2023年はシチズンにとって多局受信型電波時計の発売30周年という大きな節目。この重要な年に、アナログ式光発電電波時計で世界初となる月齢表示の自動調整機能を備えた新作を発表した。独自の「ルナプログラム」を有するアテッサの開発リーダー原口さんに、完成までの経緯を聞いた。

Text/Daisuke Suito(WATCHNAVI) Photo/Kensuke Suzuki

実用を重視した開発の歴史から生まれた新作

–今年はシチズンが電波時計を開発してから30周年というアニバーサリーイヤーです。新作の話の前に、原口さんにとって30年の開発史の中で特に重要だったという思うモデルがあれば教えてください。

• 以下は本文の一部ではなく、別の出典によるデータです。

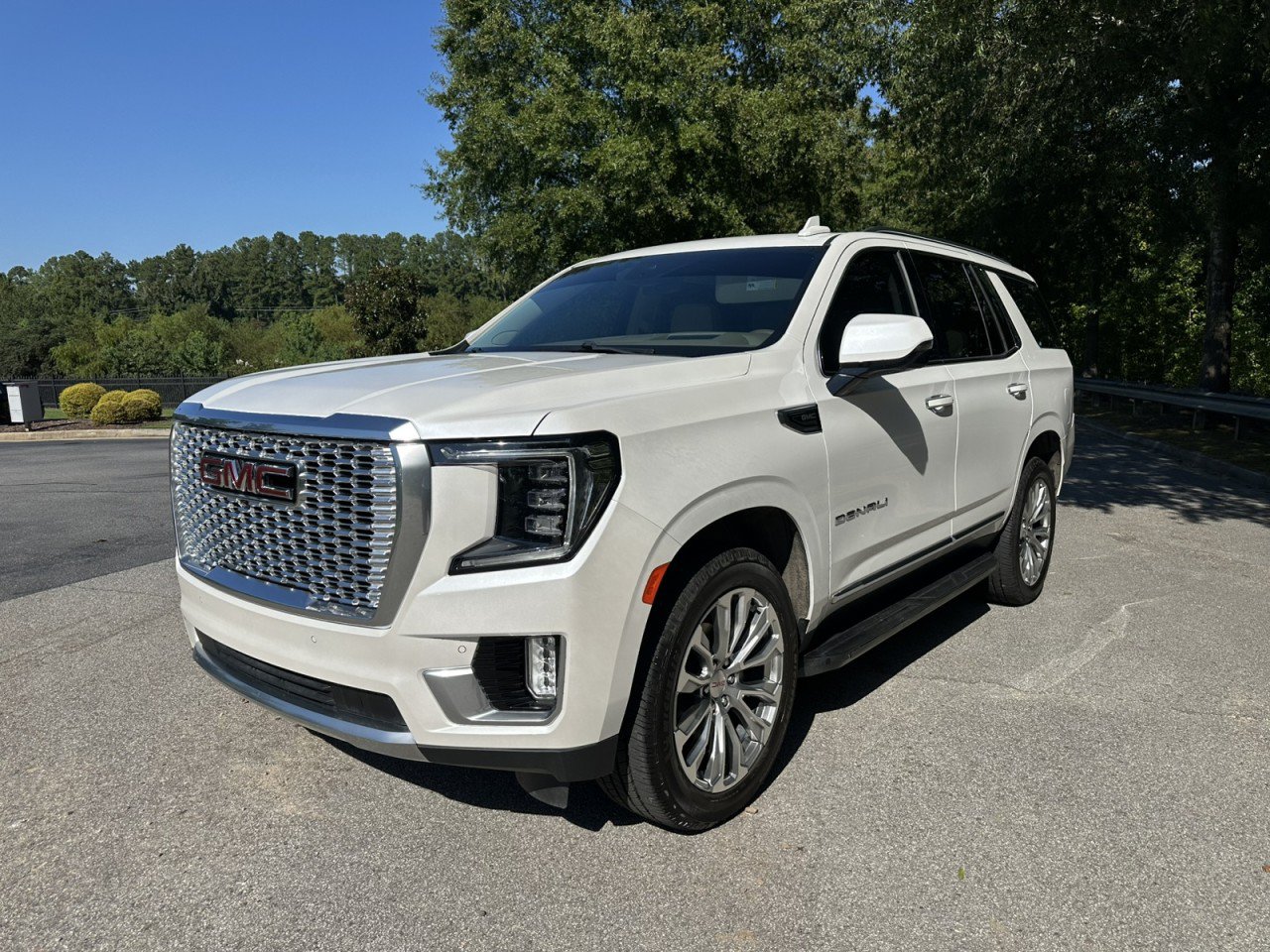 Used 2024 GMC Yukon Denali AWD/4WD image 4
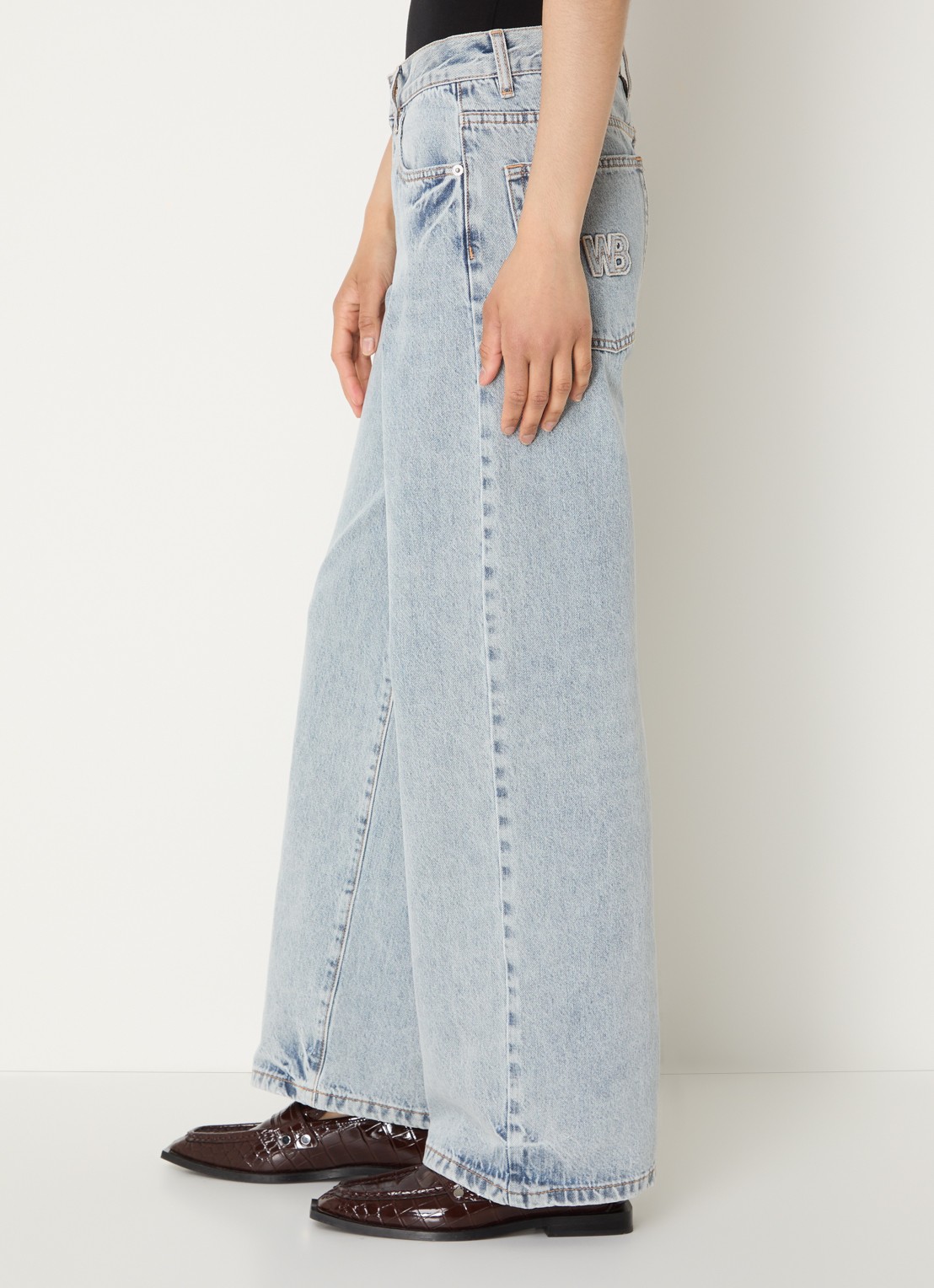 WRSTBHVR Maila mid waist straight leg jeans met lichte wassing - detail 5 indigo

原口さん:特定のモデルを取り上げるのは難しいですね。たとえば最初の多局受信型電波時計はアンテナが剥き出しでしたが、そのデザインはすぐになくなりました。光発電も第1弾こそソーラーセルが文字盤に貼り付いていたものの透過文字盤に置き換わっています。革新的な技術を象徴的に見せることはとても大切ですが、シチズンとしてはその革新的な技術をいかに実用的に作り上げるか、ということの方に注力しています。新しい技術を実用レベルに落とし込むことが非常に難しいので、本当に日々の進化を積み重ねてきた30年だと思っています。

シチズン時計 時計開発センター時計開発部 システム開発課の原口大輔さん。「シチズン アテッサ エコ・ドライブ電波時計 ダイレクトフライト ムーンフェイズ」は、自身が初めてリーダーとなって開発を進めた。手前は筆者

–まさに社名の理由でもある「市民のための時計」の哲学が時計開発に根付いているわけですね。では改めて新作についてお話しを聞かせてください。今回の「ルナプログラム」は、どのような背景から思いついたのでしょうか?

原口さん:入社して電波時計を開発する部門に配属され、最初の半年を工場のある長野県飯田市で勤務することになったんです。そこで見た夜空、星空が本当に綺麗で。それで毎晩のように眺めていたら、ふと月齢によって空の見え方が変化することに気づきました。あのとき月に興味を持ったことが、開発のきっかけになったと思います。その頃は、これまでの人生を振り返りながら「時間、時計ってなんだろう」ということも考えるようになりました。時計は日時計から始まったと言われていますよね。時、分、秒の考え方って、日が上ってから沈むまでの時間を等分してできたものだと一般的に言われています。そして1年のサイクルを把握するために、月の満ち欠けが一般に利用されてきました。確かに1月、2月……というように「月」と書きますし、英語のmonthもmoonから派生した言葉だな、と。そんなことに気づいたら、どんどん月への興味が深まってきたんです。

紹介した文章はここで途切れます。